In 2018, USDA, which is charged with enforcing the AWA, filed a formal complaint against Moulton alleging 213 violations of the act recorded by USDA inspectors between 2013 and 2017. He categorically denied the allegations. That led to the current hearing, which was slated for early 2020 but was delayed by the coronavirus pandemic. Moulton has continued to breed and supply chinchillas for research throughout this period.

Aaron Rhyner, a veterinarian who is an assistant director of field operations in USDA’s animal care division, told the court today: “I have probably been associated with several thousand [AWA] inspection reports and several thousand facilities. This is the worst compliance history I have seen.”

Two academic veterinarians whom Moulton called as witnesses in his defense—Sanford Feldman, director of comparative medicine at the University of Virginia, and Arno Wuenschmann of the University of Minnesota, Twin Cities—declined to be interviewed. Feldman, who told the court he was serving as a “technical adviser” for Moulton during the hearing, last year told Science the Moulton animals were not “suffering terribly” from broken wire cages with sharp edges and collars that had become embedded in their skin. “But if you are doing 26 in a 25-mile-per-hour zone you get a ticket,” he told Science in an interview. Fundamentally, he said, Moulton wanted to “do right by the animals.”

Moulton testified during the hearing that four other former research chinchilla suppliers have retired or let their licenses lapse, leaving him as the sole research supplier.

But Rhyner challenged that. “There [are] currently 85 facilities licensed with [USDA] that report chinchillas on their inventory. So there are potential sources within the U.S. that research community could pursue.”

At least one group is already doing so. Scientists at the veterinary school at the University of Wisconsin, Madison, published a paper last month in the Journal of the American Association for Laboratory Animal Science using animals from a small Illinois pet supplier. It is not clear whether such operations can supply research needs going forward. In 2019, U.S. researchers used 1250 chinchillas, according to USDA data.  

“Sourcing chinchillas has become increasingly challenging,” says Christoph Mans, a veterinarian who was the senior author on the paper, a study of drug safety aimed at benefiting pet chinchillas. Increased demand for the animals as pets during the pandemic is one reason, Mans says, “which might be further impacted by shutting down breeding facilities.”

Under the AWA, USDA regulates some 10,750 entities that house, breed, exhibit, sell, or transport animals for research and other purposes, generally revoking or suspending a handful of licenses each year. The last time it revoked a license from a research-related facility was in 2016, when antibody supplier Santa Cruz Biotechnology lost its license for animal welfare violations, including hiding a barn of 841 goats from inspectors. It also paid a historic, $3.5 million fine.

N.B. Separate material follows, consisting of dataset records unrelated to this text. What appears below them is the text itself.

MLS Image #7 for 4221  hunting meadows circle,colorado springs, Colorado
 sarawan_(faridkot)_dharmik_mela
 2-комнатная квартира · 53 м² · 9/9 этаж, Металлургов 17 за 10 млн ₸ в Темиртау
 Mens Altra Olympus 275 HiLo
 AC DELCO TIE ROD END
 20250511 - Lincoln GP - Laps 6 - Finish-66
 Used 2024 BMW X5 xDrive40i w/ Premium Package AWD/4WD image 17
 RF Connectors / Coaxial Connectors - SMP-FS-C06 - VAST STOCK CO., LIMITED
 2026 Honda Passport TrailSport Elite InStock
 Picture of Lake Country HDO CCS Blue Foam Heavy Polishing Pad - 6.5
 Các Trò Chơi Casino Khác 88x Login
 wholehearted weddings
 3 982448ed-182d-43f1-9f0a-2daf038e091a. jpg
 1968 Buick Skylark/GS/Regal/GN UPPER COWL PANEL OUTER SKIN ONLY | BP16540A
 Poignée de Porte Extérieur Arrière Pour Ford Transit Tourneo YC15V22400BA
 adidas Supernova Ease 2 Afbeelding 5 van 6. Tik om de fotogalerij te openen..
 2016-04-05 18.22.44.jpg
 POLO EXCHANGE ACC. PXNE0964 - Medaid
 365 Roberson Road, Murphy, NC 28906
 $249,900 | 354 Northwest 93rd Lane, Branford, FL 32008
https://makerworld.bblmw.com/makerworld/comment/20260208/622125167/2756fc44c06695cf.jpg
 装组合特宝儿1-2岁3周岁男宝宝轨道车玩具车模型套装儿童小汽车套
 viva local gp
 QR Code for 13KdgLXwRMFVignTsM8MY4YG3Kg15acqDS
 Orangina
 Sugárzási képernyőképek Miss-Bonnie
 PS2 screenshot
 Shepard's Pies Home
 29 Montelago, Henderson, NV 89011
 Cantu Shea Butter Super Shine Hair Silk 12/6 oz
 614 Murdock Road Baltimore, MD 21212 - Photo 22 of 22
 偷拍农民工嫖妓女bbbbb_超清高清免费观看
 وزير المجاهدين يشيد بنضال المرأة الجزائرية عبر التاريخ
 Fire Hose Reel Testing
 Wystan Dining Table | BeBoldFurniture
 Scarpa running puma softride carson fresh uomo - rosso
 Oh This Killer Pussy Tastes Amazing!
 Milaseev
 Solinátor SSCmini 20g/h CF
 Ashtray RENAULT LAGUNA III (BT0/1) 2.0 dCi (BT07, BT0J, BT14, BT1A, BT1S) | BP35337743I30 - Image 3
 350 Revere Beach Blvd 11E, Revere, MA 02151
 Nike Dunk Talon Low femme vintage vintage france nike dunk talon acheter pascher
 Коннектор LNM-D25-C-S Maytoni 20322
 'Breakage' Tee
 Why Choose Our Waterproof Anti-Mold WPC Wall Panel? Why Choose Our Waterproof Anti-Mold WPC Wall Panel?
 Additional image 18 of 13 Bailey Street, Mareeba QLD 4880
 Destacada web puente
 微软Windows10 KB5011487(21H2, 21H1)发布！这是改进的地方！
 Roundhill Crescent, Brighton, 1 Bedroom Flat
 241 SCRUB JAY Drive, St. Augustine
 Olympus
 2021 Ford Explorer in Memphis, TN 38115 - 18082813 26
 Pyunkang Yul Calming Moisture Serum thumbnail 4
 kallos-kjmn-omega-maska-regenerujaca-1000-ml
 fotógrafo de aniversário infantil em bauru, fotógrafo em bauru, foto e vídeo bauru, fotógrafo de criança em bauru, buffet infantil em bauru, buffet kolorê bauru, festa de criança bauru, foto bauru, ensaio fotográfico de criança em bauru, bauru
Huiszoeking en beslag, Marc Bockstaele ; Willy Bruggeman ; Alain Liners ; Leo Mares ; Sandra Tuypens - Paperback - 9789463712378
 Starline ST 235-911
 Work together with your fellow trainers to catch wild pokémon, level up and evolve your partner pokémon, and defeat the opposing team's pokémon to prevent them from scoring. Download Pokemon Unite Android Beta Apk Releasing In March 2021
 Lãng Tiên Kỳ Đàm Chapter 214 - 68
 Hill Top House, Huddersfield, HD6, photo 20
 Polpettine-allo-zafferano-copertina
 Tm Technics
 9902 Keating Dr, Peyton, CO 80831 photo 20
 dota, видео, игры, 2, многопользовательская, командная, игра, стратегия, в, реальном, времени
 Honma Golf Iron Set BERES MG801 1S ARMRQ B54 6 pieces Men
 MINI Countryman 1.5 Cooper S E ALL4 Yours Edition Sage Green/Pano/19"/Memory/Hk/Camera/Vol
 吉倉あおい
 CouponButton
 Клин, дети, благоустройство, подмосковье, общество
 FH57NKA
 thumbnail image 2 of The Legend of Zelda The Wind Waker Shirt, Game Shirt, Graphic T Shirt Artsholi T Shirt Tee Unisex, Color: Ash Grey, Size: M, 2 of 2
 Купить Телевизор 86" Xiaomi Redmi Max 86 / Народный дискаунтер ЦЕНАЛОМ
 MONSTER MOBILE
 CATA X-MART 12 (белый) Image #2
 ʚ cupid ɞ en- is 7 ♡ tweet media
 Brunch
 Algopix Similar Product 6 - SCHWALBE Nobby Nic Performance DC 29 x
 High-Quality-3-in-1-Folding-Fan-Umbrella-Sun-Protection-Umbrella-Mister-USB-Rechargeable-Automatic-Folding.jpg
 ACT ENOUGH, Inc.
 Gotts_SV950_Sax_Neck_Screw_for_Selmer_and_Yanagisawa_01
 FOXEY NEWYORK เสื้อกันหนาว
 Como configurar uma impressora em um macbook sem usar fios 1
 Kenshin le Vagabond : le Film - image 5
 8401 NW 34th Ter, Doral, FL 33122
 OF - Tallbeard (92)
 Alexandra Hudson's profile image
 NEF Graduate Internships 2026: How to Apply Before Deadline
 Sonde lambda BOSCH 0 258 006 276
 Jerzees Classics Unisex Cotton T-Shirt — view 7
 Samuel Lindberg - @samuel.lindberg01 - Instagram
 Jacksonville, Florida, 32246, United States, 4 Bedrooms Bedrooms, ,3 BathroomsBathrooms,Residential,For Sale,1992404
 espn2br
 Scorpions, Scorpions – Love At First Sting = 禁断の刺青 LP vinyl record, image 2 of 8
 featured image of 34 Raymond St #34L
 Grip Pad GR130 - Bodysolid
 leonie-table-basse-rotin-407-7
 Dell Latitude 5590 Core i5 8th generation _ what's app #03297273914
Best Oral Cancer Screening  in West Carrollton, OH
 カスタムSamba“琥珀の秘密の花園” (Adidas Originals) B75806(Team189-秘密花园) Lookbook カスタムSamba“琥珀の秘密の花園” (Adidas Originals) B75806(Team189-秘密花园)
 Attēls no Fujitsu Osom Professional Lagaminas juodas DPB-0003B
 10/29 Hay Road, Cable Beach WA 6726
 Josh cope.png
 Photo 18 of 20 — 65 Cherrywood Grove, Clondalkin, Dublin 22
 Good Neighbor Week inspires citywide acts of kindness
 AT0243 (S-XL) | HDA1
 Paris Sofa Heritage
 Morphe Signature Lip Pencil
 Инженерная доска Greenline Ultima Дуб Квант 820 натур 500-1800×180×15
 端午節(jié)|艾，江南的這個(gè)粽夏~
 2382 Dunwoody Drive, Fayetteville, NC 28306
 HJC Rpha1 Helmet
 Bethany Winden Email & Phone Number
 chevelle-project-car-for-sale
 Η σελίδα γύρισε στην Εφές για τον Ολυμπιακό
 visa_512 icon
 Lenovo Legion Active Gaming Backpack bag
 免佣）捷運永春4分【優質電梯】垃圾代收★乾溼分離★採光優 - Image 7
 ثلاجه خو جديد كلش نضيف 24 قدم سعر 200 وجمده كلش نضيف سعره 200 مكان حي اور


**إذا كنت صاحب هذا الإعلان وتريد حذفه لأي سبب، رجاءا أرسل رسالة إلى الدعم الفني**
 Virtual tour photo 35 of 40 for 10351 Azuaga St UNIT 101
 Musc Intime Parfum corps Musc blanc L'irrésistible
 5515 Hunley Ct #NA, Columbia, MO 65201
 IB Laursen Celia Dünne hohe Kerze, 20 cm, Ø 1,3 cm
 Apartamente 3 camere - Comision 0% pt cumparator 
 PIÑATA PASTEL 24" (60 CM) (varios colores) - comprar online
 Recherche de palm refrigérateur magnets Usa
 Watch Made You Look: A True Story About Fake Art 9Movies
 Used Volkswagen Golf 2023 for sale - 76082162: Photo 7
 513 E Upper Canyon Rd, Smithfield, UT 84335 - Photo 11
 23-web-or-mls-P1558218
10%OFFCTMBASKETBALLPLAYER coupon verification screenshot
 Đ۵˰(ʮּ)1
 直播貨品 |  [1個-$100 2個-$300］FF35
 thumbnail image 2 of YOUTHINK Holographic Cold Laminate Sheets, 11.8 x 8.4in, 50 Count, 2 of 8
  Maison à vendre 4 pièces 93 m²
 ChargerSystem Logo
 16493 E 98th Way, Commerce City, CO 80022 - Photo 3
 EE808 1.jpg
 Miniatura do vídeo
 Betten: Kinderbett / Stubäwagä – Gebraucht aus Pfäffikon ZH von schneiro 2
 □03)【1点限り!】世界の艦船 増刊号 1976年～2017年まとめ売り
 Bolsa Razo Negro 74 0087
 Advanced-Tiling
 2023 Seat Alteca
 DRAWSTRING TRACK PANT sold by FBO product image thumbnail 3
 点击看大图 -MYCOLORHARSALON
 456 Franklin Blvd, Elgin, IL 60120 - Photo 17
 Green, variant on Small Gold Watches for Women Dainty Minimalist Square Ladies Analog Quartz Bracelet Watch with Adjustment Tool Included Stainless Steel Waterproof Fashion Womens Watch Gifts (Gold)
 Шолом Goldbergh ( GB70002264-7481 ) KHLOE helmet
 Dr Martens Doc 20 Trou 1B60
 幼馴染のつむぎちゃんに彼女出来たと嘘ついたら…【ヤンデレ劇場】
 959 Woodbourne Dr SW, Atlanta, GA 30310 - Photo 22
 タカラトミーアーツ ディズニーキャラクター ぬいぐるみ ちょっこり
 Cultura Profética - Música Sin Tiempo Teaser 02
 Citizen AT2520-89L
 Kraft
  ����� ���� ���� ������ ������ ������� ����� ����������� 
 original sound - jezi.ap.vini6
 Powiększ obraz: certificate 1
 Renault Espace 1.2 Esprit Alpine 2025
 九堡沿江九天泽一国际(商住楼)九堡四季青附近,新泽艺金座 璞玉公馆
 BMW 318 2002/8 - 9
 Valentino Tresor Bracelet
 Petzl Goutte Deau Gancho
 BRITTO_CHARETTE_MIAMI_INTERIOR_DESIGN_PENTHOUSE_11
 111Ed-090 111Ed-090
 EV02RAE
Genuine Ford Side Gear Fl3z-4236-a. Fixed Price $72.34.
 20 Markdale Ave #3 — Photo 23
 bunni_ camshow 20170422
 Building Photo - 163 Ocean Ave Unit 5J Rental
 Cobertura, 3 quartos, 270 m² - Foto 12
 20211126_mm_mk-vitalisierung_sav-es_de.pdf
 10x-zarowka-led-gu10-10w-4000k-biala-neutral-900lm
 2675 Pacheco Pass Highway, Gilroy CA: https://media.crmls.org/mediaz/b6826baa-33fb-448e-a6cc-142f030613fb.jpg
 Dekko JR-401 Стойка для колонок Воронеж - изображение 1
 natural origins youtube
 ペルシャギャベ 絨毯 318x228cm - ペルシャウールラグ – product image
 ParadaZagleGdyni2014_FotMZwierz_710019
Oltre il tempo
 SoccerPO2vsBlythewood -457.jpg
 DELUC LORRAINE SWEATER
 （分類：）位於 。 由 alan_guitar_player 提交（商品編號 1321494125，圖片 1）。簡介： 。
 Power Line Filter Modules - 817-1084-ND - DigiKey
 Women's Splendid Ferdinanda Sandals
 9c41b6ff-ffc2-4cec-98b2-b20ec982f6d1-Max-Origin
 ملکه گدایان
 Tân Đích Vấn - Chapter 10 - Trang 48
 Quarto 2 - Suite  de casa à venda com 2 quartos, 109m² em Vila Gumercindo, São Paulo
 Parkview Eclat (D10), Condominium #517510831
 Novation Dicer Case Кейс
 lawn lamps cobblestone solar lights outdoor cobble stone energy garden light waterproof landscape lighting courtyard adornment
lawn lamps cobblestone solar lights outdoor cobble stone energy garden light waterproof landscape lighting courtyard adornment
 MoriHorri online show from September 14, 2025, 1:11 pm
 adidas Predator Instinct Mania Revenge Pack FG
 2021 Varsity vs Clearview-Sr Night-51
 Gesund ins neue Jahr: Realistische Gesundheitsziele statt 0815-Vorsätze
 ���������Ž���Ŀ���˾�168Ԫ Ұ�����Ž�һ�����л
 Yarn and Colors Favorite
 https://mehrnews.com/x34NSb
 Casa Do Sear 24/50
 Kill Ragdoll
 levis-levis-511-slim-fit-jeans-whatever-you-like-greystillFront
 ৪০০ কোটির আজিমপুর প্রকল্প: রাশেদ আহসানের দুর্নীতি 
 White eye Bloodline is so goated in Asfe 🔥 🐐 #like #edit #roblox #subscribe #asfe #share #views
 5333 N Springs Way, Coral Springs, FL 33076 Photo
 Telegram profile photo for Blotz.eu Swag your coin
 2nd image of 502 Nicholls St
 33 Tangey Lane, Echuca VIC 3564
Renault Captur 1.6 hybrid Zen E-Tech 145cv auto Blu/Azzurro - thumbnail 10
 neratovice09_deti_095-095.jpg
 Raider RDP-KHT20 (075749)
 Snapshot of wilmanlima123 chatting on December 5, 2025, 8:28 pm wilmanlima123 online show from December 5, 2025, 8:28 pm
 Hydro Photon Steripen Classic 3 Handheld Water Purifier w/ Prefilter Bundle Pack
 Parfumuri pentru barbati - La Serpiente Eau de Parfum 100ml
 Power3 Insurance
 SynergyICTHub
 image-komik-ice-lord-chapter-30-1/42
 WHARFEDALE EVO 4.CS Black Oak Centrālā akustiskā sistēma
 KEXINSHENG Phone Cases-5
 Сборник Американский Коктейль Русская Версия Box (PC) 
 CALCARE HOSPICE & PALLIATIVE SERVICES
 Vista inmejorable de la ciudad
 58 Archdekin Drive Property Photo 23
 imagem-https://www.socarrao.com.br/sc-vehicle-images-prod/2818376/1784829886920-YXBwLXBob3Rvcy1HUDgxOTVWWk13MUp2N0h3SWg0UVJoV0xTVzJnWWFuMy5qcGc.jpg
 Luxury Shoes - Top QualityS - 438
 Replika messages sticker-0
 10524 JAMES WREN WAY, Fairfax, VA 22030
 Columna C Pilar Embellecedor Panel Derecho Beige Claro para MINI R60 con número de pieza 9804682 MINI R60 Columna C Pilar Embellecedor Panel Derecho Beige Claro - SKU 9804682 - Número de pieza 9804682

Earlier this year, Moulton was also the subject of a criminal investigation under Minnesota’s animal cruelty law, but the county’s attorneys decided to leave the matter with USDA. Russ Mead, an animal law attorney at Lewis & Clark Law School, deplored the 8-year history of AWA violations at MCR. “It took 213 violations of the [AWA] to bring about this license revocation. The system is broken,” he said.